At UN General Assembly meeting devoted to anti-Semitism, speakers challenge world to take action to counter the rising hatred of Jews.
February 10, 2015 By: Edith M. Lederer
French philosopher Bernard-Henri Levy challenged the world at the first-ever UN General Assembly meeting devoted to anti-Semitism to take action to counter the rising hatred of Jews, which he denounced as “radical inhumanity.”
In a keynote address, Levy decried that “faulting the Jews is once again becoming the rallying cry of a new order of assassins.”
The United Nations was established on the ashes of the Holocaust after the Second World War, and one reason was to fight the “plague” of anti-Semitism, Levy noted.

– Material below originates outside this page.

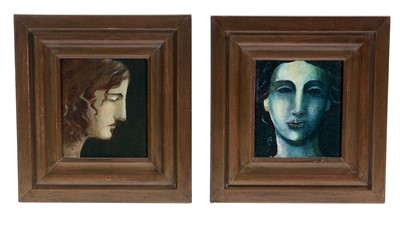 Lot 773 - Hazel Barron-Cooper - Ancient Face, and Head | oil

He called for new arguments to counter Holocaust deniers and those who deny Israel’s legitimacy.
“It is up to you who are the faces of the world to be the architects of a house in which the mother of all hates would see its place reduced,” said Levy, who is Jewish. “May you in a year’s time, and in years after that and every other year, reconvene to observe that the mobilization of today was not in vain.”
The assembly meeting was held in response to the global increase in violence against Jews and was scheduled before the killing of four French Jews at a kosher market during three days of terror in Paris earlier this month. Paris was just the latest attack to raise fears among European Jews, following killings at a Belgian Jewish Museum and a Jewish school in southwestern France.
U.S. Ambassador Samantha Power urged the world to stand up against anti-Semitism and take action to end “this monstrous global problem.”
“When the human rights of Jews are repressed, the rights of other religious and ethnic groups are often not far behind,” she warned.
German Minister of State for Europe Michael Roth warned that “anti-Semitism is gaining ground in a loud and aggressive manner” and posed a threat to society as a whole.
Because of Germany’s role in the Holocaust, he said, his country will always be in the forefront of fighting anti-Semitism and pursuing “a zero-tolerance policy.”
A surprise speaker was Saudi Arabia’s UN Ambassador Abdallah Al-Moualimi, who spoke on behalf of the 57-nation Organization of Islamic Cooperation and told the meeting that Islamic countries condemn all words and acts that lead “to hatred, anti-Semitism, Islamaphobia.”
“We have witnessed with growing concern the increase in hate crimes around the world, and we are very concerned because some arbitrarily reject their responsibilities in this regard,” Al-Moualimi said. “Anti-Semitism and Islamaphobia and all crimes that are based on religious hate are inextricably linked, they’re inseparable.”
The UN meeting was informal, and about half the 193-member states did not attend, but nearly 50 countries were slated to speak.